I try to extract data from a xml file (which I named output.xml) on the command line (and then, if I manage to do it, put it in a script).
I've seen that the better tool to do that is XMLStarlet. However xmlstarlet sel -t -m "/entry/content" output.xml
doesn't work.
Note: I tried for xmlstarlet el output.xml
to check the Xpath structure of the file and it works.That means that the tool sees the elements.

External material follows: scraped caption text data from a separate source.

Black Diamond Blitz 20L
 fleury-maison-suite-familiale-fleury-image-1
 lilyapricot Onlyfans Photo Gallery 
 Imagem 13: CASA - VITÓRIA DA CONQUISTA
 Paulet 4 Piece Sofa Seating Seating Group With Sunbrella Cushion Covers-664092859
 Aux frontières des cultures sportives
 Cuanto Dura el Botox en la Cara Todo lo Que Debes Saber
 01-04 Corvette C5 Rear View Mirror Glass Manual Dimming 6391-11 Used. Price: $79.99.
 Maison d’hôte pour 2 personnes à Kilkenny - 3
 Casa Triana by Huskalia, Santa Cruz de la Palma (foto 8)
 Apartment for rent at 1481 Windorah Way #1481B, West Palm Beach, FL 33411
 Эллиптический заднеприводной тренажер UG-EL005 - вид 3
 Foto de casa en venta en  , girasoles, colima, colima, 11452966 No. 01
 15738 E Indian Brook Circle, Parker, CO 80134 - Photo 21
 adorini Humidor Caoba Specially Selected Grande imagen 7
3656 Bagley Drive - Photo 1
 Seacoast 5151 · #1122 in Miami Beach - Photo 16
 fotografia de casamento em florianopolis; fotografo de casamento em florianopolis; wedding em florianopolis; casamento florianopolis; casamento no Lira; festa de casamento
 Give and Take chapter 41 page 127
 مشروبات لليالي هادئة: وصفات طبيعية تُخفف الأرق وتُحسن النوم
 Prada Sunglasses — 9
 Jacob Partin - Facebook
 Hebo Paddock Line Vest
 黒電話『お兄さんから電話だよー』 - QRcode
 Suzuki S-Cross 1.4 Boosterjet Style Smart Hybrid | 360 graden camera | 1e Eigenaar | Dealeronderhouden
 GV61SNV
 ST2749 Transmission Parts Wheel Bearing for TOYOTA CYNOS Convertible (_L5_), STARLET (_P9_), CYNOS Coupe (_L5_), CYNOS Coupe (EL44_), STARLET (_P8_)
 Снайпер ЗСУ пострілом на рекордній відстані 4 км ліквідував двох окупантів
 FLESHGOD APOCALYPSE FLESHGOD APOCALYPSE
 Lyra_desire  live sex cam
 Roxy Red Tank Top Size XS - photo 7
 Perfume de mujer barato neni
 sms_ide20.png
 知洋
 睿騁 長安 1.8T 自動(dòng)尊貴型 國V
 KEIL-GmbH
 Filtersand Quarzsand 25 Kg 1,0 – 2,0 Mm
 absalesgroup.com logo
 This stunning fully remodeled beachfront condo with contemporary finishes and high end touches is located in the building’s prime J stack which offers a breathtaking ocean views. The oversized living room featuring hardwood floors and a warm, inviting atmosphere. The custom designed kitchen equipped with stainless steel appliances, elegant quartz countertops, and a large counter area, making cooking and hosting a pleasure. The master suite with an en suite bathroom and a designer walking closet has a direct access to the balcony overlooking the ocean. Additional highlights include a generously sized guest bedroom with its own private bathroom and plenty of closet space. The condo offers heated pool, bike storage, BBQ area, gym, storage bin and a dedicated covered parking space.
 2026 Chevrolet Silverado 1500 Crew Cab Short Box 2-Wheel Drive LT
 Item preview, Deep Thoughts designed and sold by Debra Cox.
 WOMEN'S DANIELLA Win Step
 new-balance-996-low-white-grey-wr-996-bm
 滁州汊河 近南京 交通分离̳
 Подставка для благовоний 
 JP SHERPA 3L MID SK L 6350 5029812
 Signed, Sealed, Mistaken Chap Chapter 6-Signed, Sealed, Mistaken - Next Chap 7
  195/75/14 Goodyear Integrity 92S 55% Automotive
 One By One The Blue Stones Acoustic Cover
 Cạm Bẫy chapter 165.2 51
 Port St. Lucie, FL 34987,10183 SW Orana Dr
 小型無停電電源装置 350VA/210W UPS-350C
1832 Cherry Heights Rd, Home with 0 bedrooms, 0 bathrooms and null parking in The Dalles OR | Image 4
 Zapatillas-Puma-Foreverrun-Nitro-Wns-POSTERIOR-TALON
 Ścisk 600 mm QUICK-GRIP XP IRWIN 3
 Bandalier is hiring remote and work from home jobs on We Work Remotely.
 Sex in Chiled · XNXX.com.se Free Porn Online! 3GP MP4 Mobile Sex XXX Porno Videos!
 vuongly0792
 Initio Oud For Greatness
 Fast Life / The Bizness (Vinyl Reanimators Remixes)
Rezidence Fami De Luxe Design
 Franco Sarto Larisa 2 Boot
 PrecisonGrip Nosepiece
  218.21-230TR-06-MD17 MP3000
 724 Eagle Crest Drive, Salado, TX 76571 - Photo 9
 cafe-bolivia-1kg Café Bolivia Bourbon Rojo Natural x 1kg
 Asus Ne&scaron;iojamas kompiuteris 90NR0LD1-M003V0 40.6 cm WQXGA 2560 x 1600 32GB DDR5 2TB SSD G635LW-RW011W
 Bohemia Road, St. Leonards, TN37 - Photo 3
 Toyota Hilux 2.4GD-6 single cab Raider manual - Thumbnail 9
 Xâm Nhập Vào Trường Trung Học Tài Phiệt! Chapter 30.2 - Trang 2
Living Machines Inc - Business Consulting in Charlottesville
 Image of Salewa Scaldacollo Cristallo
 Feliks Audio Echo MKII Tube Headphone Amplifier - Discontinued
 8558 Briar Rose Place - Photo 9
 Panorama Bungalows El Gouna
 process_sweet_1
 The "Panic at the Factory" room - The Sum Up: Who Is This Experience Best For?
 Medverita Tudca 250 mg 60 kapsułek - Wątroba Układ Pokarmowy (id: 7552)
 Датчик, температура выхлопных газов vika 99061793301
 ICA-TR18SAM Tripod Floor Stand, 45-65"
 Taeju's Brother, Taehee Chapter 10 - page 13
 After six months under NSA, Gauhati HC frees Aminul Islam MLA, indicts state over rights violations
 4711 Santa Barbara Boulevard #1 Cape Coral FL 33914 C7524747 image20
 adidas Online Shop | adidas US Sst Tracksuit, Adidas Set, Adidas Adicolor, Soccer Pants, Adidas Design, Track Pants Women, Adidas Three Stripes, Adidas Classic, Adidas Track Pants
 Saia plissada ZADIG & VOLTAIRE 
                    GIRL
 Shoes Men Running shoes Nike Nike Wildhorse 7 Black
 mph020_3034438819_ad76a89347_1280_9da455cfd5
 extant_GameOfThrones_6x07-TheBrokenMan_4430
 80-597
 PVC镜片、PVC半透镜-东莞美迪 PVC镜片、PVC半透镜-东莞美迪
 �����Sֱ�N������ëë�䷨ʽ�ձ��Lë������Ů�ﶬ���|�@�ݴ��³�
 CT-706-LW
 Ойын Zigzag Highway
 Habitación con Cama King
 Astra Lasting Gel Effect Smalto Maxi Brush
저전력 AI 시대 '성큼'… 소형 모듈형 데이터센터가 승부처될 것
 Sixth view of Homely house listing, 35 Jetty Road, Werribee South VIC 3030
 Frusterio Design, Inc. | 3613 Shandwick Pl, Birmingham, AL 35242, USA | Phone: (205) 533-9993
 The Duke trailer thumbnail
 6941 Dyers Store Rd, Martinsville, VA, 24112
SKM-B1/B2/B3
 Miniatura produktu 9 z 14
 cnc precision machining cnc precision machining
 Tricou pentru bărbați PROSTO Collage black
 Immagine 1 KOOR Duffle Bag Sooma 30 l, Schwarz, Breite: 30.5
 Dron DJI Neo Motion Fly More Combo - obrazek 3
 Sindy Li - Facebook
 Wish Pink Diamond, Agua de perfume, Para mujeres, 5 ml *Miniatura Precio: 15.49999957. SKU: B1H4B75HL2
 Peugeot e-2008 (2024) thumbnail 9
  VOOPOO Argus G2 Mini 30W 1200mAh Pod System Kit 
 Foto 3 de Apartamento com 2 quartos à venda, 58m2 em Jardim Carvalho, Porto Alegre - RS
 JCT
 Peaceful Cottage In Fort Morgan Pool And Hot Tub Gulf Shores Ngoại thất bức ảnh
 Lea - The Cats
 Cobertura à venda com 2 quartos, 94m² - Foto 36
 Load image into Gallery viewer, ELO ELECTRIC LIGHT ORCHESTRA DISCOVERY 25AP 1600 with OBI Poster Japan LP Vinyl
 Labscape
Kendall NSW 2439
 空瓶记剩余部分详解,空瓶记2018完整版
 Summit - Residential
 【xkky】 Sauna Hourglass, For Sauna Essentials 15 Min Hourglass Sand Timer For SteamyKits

I saw that there are 2 conditions to make XMLStarlet work:
1- The XML file should be well-formed. Stackoverflow related link
So I applied this command to create a well-formed file:
xmlstarlet fo -R output.xml >> good-output.xml
2- XML is very picky about the default namespace. If the document has it, declare it before selecting the elements or delete all the occurences of "xmlns" in the document. Stackoverflow related link
So I did:
$ cat good-output.xml | sed -e 's/ xmlns.*=".*"//g' >> very-good-output.xml
HOWEVER, even performing these two steps, I have another error, and don't know how to fix it... The terminal points to me the places I removed the namespaces and says "Namespace prefix app on collection is not defined". What I should do? With the namespaces it doesn't work and now it urges to put them again upon me...
Any help?
So this is the final solution to retrieve the content of a XML file with multiple namespaces:
xmlstarlet sel -t -m "//_:content" -c . good-output.xml
npostavs thank you for guiding me.
I believed the fact that my first attempt gave me the tag besides the desired content was a problem, but actually in my case no. If it is the case for someone else, this is how to proceed:
xmlstarlet sel -t -m "/_:entry/_:content/text()" -c . output.xml
OR
xmlstarlet sel -t -m "/_:entry/_:content" -v . output.xml
Simplified:
xmlstarlet sel -t -v "/_:entry/_:content" output.xml